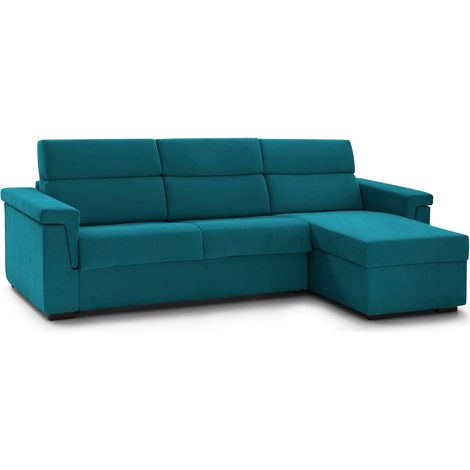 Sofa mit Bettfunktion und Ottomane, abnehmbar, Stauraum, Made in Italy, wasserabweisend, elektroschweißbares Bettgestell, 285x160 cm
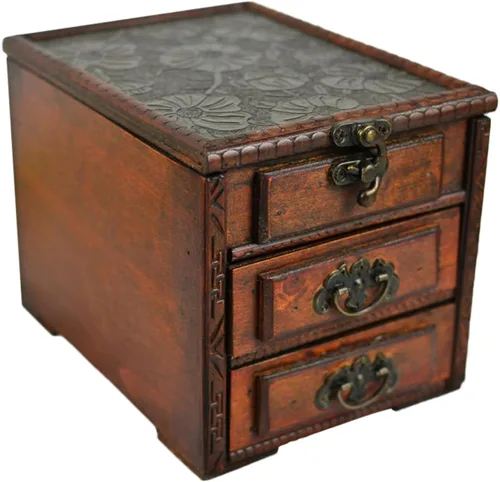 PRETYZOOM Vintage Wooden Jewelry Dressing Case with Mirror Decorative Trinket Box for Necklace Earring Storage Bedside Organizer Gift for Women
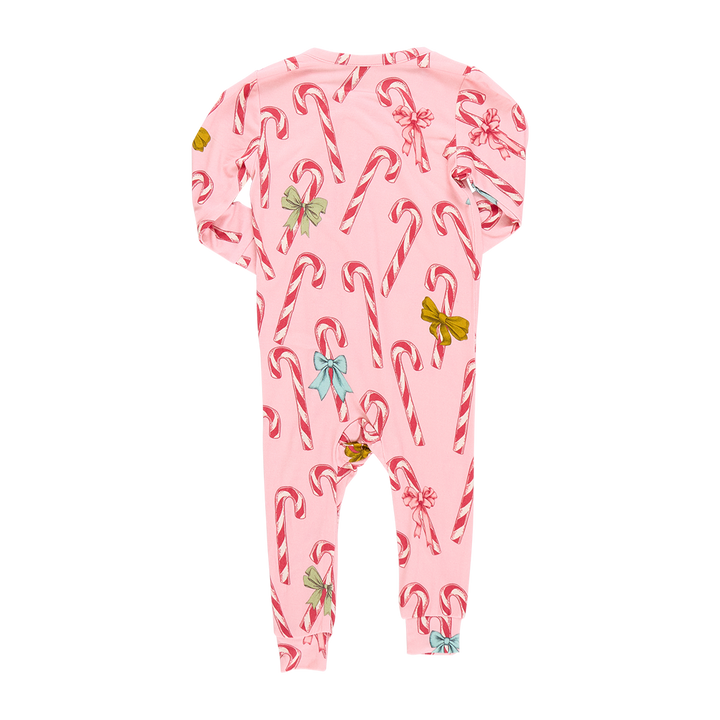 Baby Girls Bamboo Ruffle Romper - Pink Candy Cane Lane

What to produce =
With the images removed, reproduce all the material above word for word.

Written solution =
 Sofa mit Bettfunktion und Ottomane, abnehmbar, Stauraum, Made in Italy, wasserabweisend, elektroschweißbares Bettgestell, 285x160 cm
 PRETYZOOM Vintage Wooden Jewelry Dressing Case with Mirror Decorative Trinket Box for Necklace Earring Storage Bedside Organizer Gift for Women
 Baby Girls Bamboo Ruffle Romper - Pink Candy Cane Lane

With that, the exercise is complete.